TASK TO COMPLETE |
Restate each of the lines below word for word and drop every picture.

STORED DATA |
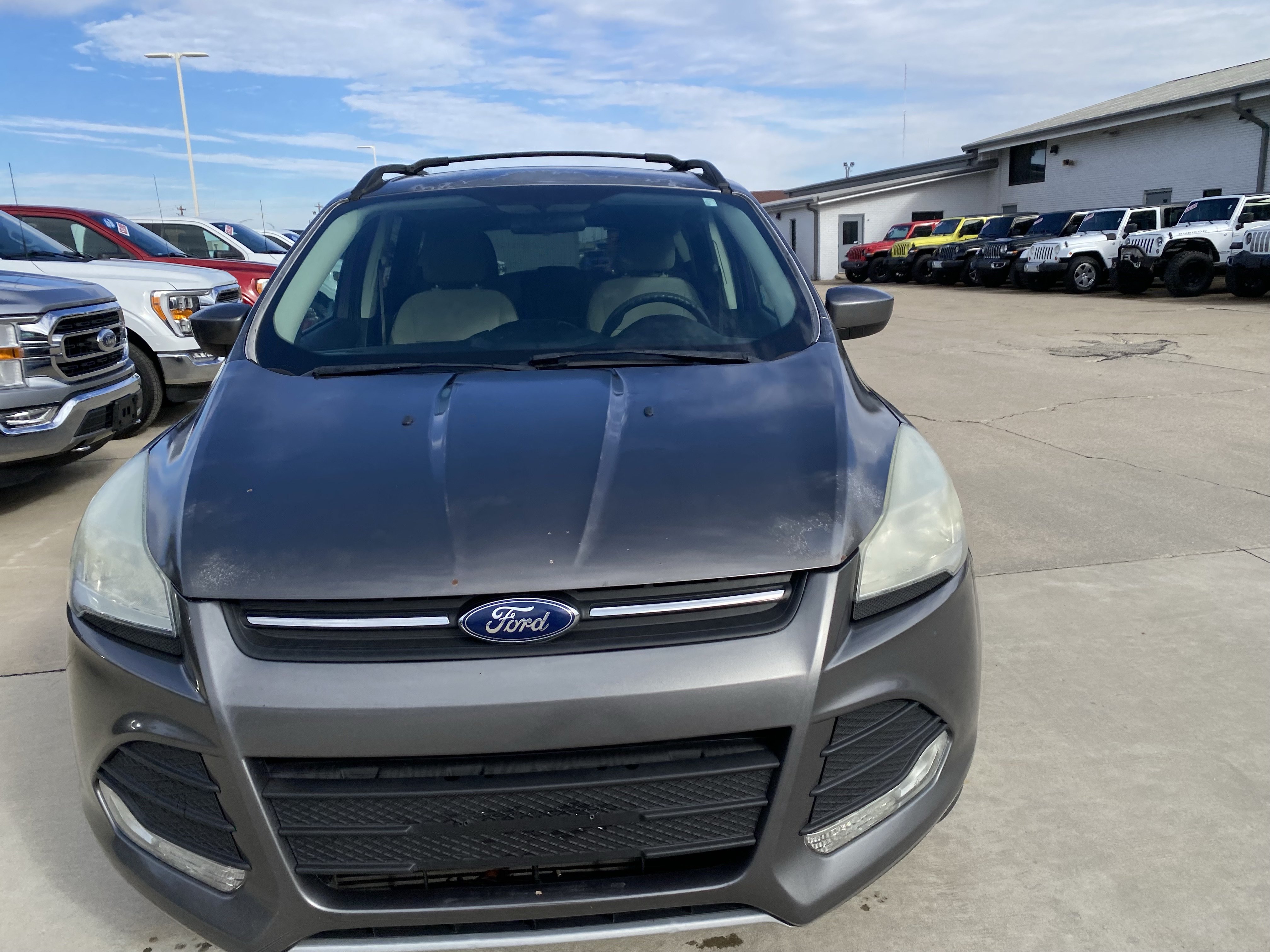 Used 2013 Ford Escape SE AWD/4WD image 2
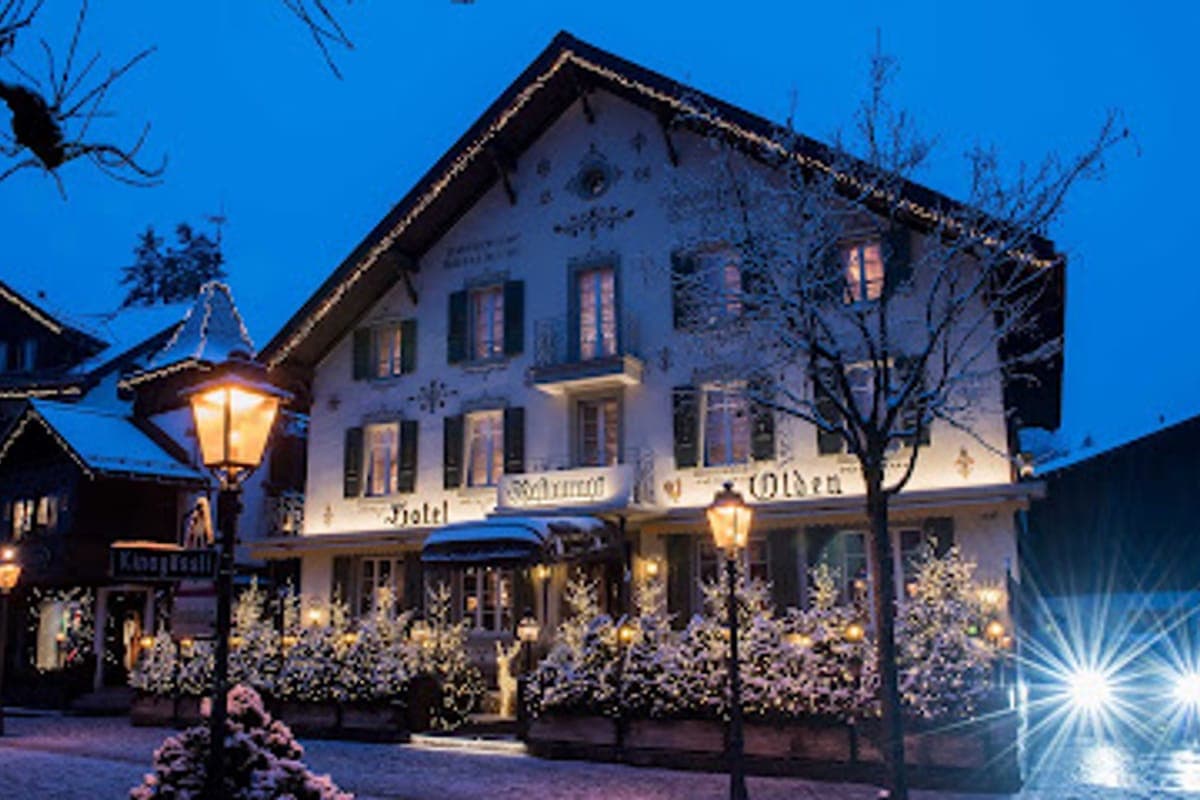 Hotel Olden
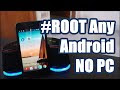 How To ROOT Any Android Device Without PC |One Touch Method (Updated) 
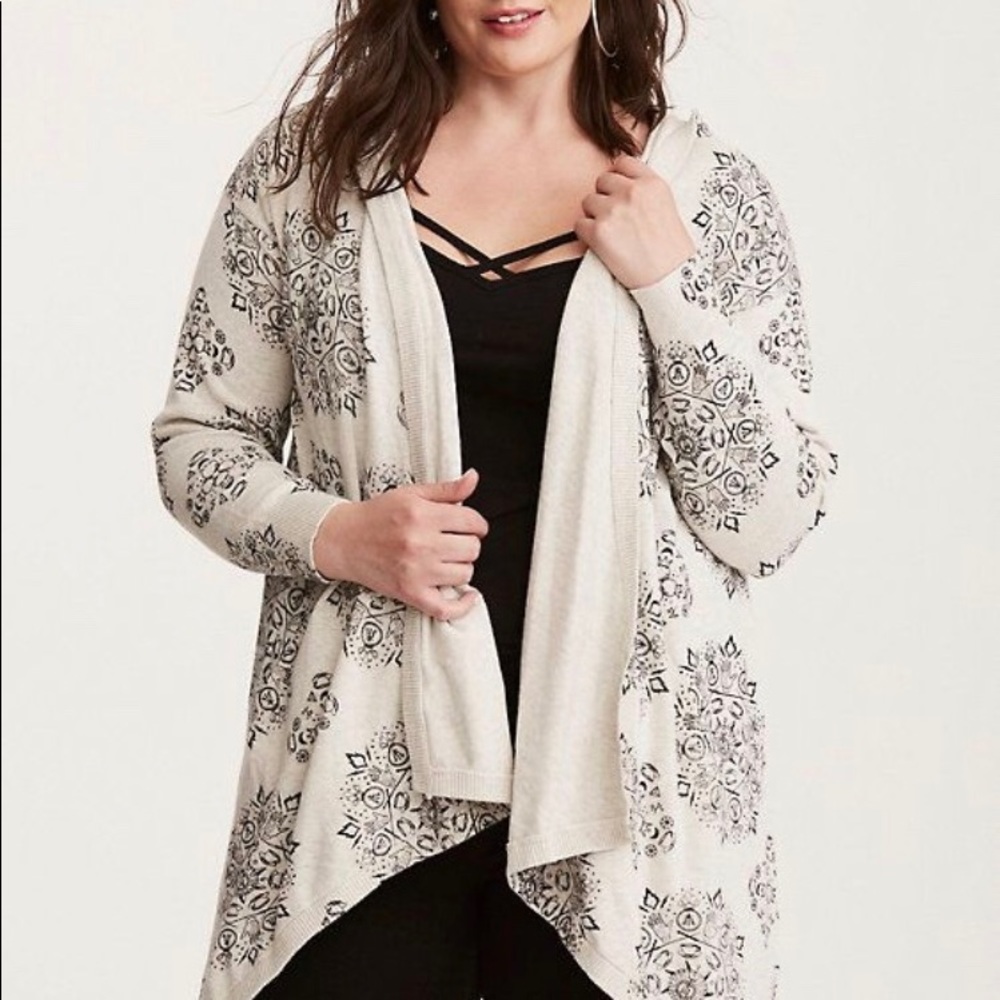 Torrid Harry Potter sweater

SOLUTION |
 Used 2013 Ford Escape SE AWD/4WD image 2
 Hotel Olden
 How To ROOT Any Android Device Without PC |One Touch Method (Updated) 
 Torrid Harry Potter sweater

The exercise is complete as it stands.